J'allais oublier ma sœur, ma chère sœur pour qui tout ne fus pas aussi simple. Le six au matin les douleurs terribles revinrent la tenailler, elle hurlait en se tenant le ventre de ses deux mains, impuissante, je ne savais que prier. Le médecin accouru, et déclara la naissance imminente. En effet dès le soir trois sages - femmes arrivèrent, et tout en tentant de calmer Camille, l'assirent sur la chaise pour la naissance. Pour ma sœur, rester assise était un supplice qui lui déchirait les entrailles, pourvu que cet enfant naisse vite, priais-je. Nous nous battîmes durant toute la nuit du six et les journées du sept et du huit pour l'accouchement, quand en début de cette journée une grande victoire égaya nos âmes fatiguées et meurtries : l'enfant apparaissait enfin, mais par les pieds, signe d'un grand malheur puisque les morts sortaient de chez eux dans cette position. Nous sûmes alors que rien n'était encore gagné. Camille avait perdu plusieurs fois connaissance et j'avais le devoir de la réveiller à chaque fois, ce qui me faisait mal, sans doute la douleur lui était alors épargnée et en la réveillant je la ramenais à la souffrance. Quand enfin dans la soirée le huit février, le enfant naquit, il était tout bleu, ayant manqué d'air trop longtemps. Camille ne souffrait presque plus, elle fut ramenée dans son lit et s'endormit en paix, harassée. Michel Joseph fus ondoyé le soir même avec peu d'espoir qu'il passe la nuit suivante. Le lendemain j'accompagnais son baptême, il était chétif mais bien vivant, grâce à Notre Seigneur nous en étions certains.

Depuis la naissance de Françoise, je ne voyais presque plus ses parents, Madeleine écrivait et lisait dans sa chambre et Louis, qui venait d'être gradé et occupait durant la journée son poste de garde royal. Le midi je mangeais seule avec la nourrice et ma belle - sœur, mon frère ne rentrant plus que le soir.

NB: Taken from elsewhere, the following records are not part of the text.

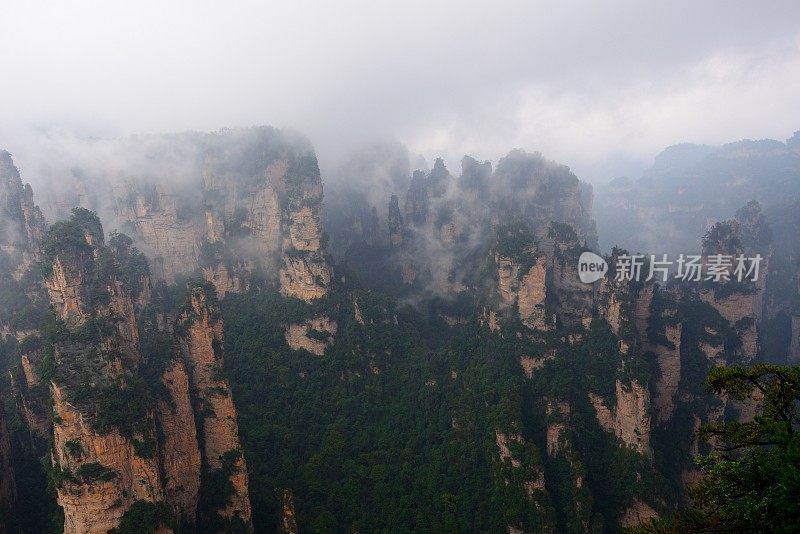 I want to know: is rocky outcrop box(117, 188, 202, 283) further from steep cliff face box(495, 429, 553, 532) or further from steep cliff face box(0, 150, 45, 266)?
steep cliff face box(495, 429, 553, 532)

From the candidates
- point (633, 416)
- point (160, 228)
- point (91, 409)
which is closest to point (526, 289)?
point (633, 416)

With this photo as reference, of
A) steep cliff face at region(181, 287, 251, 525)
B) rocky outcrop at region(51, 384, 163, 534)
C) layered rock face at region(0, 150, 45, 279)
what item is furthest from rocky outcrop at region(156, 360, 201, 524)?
layered rock face at region(0, 150, 45, 279)

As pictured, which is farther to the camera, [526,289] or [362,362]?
[362,362]

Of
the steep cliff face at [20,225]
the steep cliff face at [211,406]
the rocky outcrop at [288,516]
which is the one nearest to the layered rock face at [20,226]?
the steep cliff face at [20,225]

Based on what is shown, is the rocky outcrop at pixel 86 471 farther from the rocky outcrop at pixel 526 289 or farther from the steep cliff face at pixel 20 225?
the rocky outcrop at pixel 526 289

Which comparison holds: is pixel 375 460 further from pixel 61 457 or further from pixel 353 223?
pixel 353 223

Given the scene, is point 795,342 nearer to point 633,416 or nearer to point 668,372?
point 668,372

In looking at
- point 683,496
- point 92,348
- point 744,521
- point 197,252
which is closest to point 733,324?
point 683,496

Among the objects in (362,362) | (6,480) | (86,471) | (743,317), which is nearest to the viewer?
(86,471)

Tout se passait désormais sans encombres chez ma sœur, sortie du lit dix jours après l’accouchement : Auguste et Malou avaient bien accepté ce petit frère, bien qu'ils n'y prêtent pas beaucoup d'attention. Je m’inquiétais en revanche pour la vision de Michel, qui ne bougeait pas ses yeux, même quand je passais ma main devant, il ne réagissait pas à la lumière, avait le regard vide. Lorsque j'en parlais autour de moi, on me répondait souvent quelque chose comme : ''C'est un nouveau - né Louise ! '' ; Ne vous inquiétez donc pas, cela viendra", ou encore : '' cessez vos constatations qui ne valent rien'' . Cela ne me rassurait pas. Était - je donc seule à m'inquiéter de la santé de cet enfant ?

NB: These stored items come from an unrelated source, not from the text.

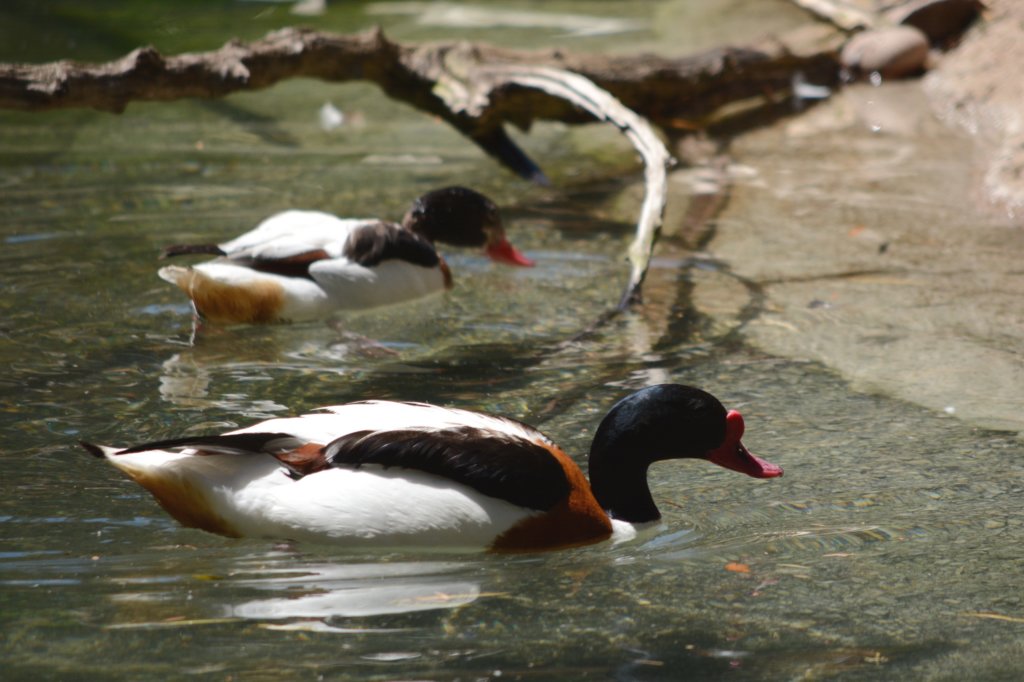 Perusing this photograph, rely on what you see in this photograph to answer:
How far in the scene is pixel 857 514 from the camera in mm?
4301

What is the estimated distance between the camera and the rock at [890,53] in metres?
11.0

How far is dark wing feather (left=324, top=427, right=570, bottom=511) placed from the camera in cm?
392

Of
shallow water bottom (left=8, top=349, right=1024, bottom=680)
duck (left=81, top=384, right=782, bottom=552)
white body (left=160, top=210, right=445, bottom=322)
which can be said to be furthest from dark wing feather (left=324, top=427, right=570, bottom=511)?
white body (left=160, top=210, right=445, bottom=322)

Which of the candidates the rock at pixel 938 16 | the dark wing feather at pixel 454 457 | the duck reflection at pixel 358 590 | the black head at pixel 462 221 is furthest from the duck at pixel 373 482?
the rock at pixel 938 16

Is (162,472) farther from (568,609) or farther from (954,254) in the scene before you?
(954,254)

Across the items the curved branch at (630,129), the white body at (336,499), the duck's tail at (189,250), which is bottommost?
the white body at (336,499)

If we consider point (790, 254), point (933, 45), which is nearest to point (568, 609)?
point (790, 254)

Ma sœur se rendit à l’église pour son amessement quarante jours après la naissance de son fils, comme elle avait pris l’habitude de le faire après la naissance de chacun de ses deux aînés.

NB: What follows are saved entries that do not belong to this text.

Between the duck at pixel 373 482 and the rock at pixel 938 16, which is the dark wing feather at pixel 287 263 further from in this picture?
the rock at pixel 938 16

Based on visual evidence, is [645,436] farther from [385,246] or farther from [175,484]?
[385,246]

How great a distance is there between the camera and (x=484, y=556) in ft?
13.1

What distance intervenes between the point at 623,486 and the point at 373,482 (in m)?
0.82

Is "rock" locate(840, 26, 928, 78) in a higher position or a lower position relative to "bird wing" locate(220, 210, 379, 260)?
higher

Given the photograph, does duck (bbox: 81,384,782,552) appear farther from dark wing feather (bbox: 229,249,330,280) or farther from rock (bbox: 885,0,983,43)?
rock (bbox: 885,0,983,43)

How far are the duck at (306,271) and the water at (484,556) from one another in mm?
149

Devant tant de refus d'accepter la réalité parfois difficile, je me réfugiais chez Mathurin. Il y faisait toujours aussi froid, mais j'avais apporté des couvertures et j'avais pu porter le manteau neuf que j'avais commandé, un chaud manteau de fourrure douce où j’aimais enfouir mon visage. J'avais terminé le livre qu'il m'avait prêté, j'adorais les histoires d'amour et celle-là m'avait touchée.